日本人の安心とは、「安全」を当たり前のこと。
つまり、安全を前提とした「豊かな老後」が暮らせる様々な環境を求めているのではないでしょうか。
争いを避けるために
上記の国レベルの考え方を、個人レベルに落として考えてみましょう。
日本人が地域社会でトラブルを避けて暮らすために、周囲との関わりについて積極的には取り組まないことと考えているのかも知れません。
その結果、地域における人間関係では、どうしても表面的な関係になってしまいます。
しかし、何かの地域の問題について地域や近所で話し合わなければ解決できない問題があった時、あるいは災害時のように地域で取り組まなければならない時、深く議論することで信頼関係が築けることもあれば、感情的な対立となって返って関係がギクシャクしてしまうこともあります。
夫婦関係でも類似の面があるのではないでしょうか。
・・・・この部分を何とか「互いを尊重しながら乗り越える努力」をしなければ、信頼関係を築くことは難しいのではないでしょうか。
言い換えれば、トラブルを避けるために面倒な問題を先送りして表面的な関係に留まるか、あるいは互いの意見を尊重しながらより良い方向性を見いだせるかに関わっているのではないでしょうか。
このことが、「死を迎える高齢期や終末期」において、もし一人暮らしであった場合には自立した生活を維持できているかどうかの事態をも想定した準備をしておかれるなら、何ら問題はありません。

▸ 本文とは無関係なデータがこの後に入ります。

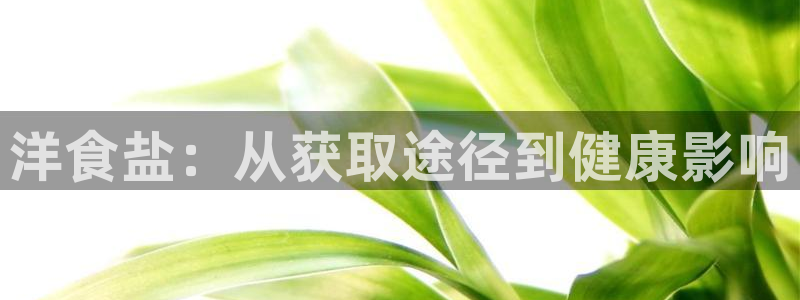 威九国际官网版
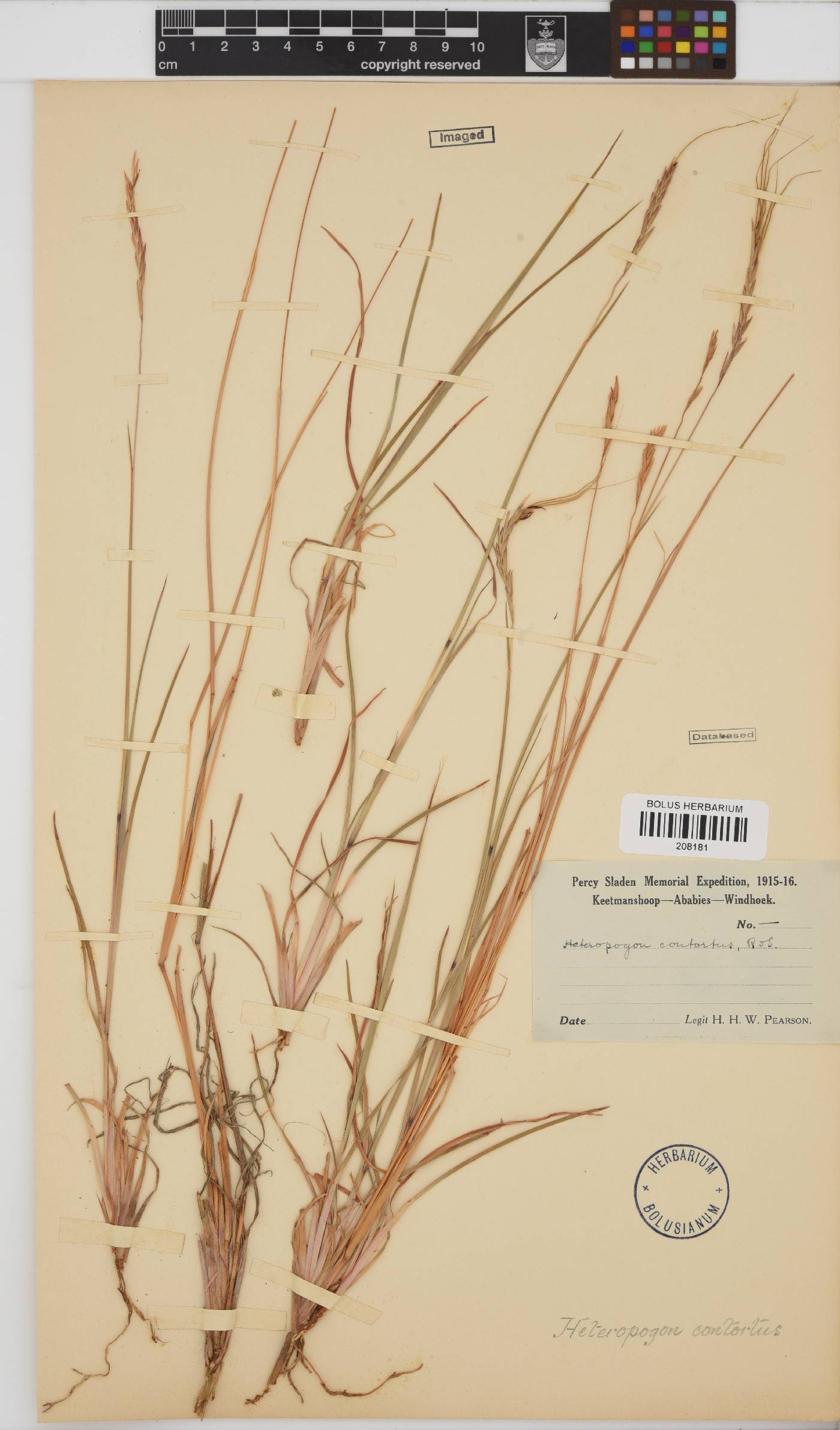 Heteropogon contortus image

その理由は、「争いを避けるため」に周囲と関わりを持たないようにする事が、結果的に「孤立」することになってしまう可能性が広げられるからです。
・・・都市部における孤独死はその結果ではないでしょうか。
他方、見方を変えるなら「周囲との関係を維持することで、争いが避けられるだけでなく、信頼関係や安心が維持されることで孤立を避けられる」可能性が生まれます。